Thursday, September 01, 2011


My friend, Julie, rightfully warns me that I have a “rude awakening” ahead of me in the next couple weeks. No doubt.

After almost nine months of pretty much only doing what I want to do, I’ll be back at school, adding to the mix of my daily activities a lot of what I have to do whether I want to or not.

I’m a little nervous about it, but remain reasonably confident that I’ll adapt; in no more than a month, I’m sure, it will be like I never left and I’ll automatically rise when my alarm goes off, shovel breakfast into my mouth, and make my way out into the big wide world of higher education to help prepare young minds for the challenges of being competitive in the global marketplace of the 21st century.

Right now, though, I want to savor my last few weeks of “freedom;” the only constraints on me, really, are those emanating from my mind, which—as is its longtime wont—is consistently trying to kill me.

The Hindus say that the observation that you can observe your mind is evidence for there being a Universal Self that transcends the individual self. It’s something like the idealism of Bishop Berkeley in the West; “to be is to be perceived,” and all that.

See?
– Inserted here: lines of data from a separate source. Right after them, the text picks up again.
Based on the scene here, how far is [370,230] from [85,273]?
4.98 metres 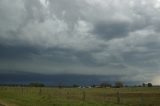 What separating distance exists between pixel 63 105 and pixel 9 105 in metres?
6.56

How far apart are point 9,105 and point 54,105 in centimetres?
568

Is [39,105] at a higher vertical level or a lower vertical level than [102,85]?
lower

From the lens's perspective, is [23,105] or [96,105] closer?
[96,105]

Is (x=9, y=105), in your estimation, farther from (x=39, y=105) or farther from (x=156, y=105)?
(x=156, y=105)

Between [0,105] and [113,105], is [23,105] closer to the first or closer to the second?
[0,105]

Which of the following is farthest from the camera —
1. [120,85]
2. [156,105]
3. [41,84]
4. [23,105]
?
[41,84]

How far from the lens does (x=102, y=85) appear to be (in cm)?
17025

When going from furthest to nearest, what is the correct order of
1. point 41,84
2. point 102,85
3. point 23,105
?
point 41,84 → point 102,85 → point 23,105

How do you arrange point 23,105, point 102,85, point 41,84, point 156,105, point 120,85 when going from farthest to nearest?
point 41,84
point 102,85
point 120,85
point 23,105
point 156,105

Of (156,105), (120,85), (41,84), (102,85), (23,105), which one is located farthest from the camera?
(41,84)

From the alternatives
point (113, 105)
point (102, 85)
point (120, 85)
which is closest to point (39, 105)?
point (113, 105)

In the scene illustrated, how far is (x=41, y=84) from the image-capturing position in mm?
188750

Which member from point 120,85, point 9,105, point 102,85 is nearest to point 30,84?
point 102,85

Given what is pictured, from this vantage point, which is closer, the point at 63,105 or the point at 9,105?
the point at 63,105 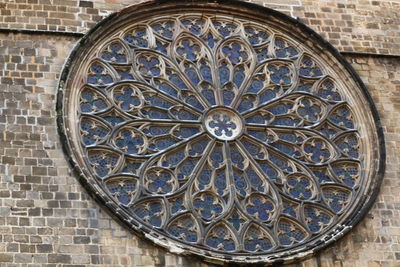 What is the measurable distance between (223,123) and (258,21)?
7.23 feet

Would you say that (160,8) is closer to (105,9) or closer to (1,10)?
(105,9)

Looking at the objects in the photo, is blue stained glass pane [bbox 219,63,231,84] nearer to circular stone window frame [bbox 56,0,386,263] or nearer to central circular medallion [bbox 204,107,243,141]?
central circular medallion [bbox 204,107,243,141]

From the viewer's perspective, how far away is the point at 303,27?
76.0 ft

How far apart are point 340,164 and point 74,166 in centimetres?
425

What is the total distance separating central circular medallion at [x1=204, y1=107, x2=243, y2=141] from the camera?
21891 mm

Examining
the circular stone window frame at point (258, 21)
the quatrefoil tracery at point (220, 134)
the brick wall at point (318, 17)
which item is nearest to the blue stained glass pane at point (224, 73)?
the quatrefoil tracery at point (220, 134)

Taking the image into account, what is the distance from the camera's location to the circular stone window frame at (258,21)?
20453mm

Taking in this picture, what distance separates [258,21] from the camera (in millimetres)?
23312

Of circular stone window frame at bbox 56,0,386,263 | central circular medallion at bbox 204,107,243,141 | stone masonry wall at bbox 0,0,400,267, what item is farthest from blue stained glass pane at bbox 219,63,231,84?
stone masonry wall at bbox 0,0,400,267

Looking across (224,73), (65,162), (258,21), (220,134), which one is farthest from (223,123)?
(65,162)

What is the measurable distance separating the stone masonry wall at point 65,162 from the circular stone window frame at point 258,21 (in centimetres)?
12

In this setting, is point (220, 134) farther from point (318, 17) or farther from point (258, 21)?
point (318, 17)

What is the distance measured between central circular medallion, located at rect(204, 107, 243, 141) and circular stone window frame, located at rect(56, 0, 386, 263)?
2.01m

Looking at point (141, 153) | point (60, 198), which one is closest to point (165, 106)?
point (141, 153) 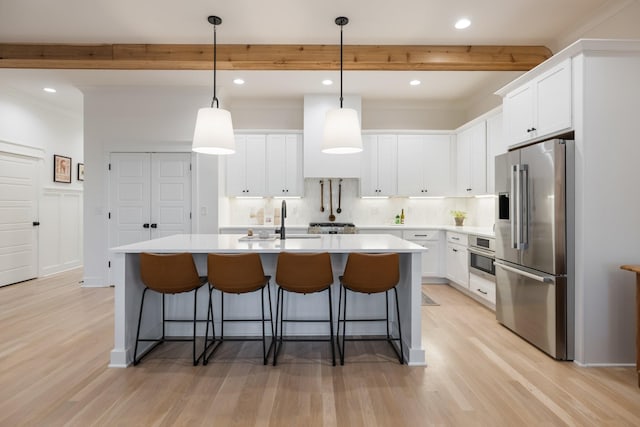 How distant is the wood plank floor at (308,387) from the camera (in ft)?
6.63

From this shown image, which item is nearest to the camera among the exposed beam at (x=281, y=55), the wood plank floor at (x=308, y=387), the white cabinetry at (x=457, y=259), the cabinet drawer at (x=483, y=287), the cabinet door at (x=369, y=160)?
the wood plank floor at (x=308, y=387)

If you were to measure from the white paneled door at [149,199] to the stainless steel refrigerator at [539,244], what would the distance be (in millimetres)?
4237

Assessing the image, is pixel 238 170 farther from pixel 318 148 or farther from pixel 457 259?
pixel 457 259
I’m already doing philosophy and I’m not even on the clock yet.

It’s been a good ride, this sabbatical morphing into vacation thing; I can’t imagine I’ll ever have an opportunity like this again, at least until I retire—although what that’s going to look like in the upcoming era of no Social Security ought to be interesting to say the least.

In Hinduism, the stage of life after work is when you renounce worldly possessions, go into the woods and live in a hut to study the sacred text; I’m thinking maybe I can just pack a touring bike and do something similar on two wheels.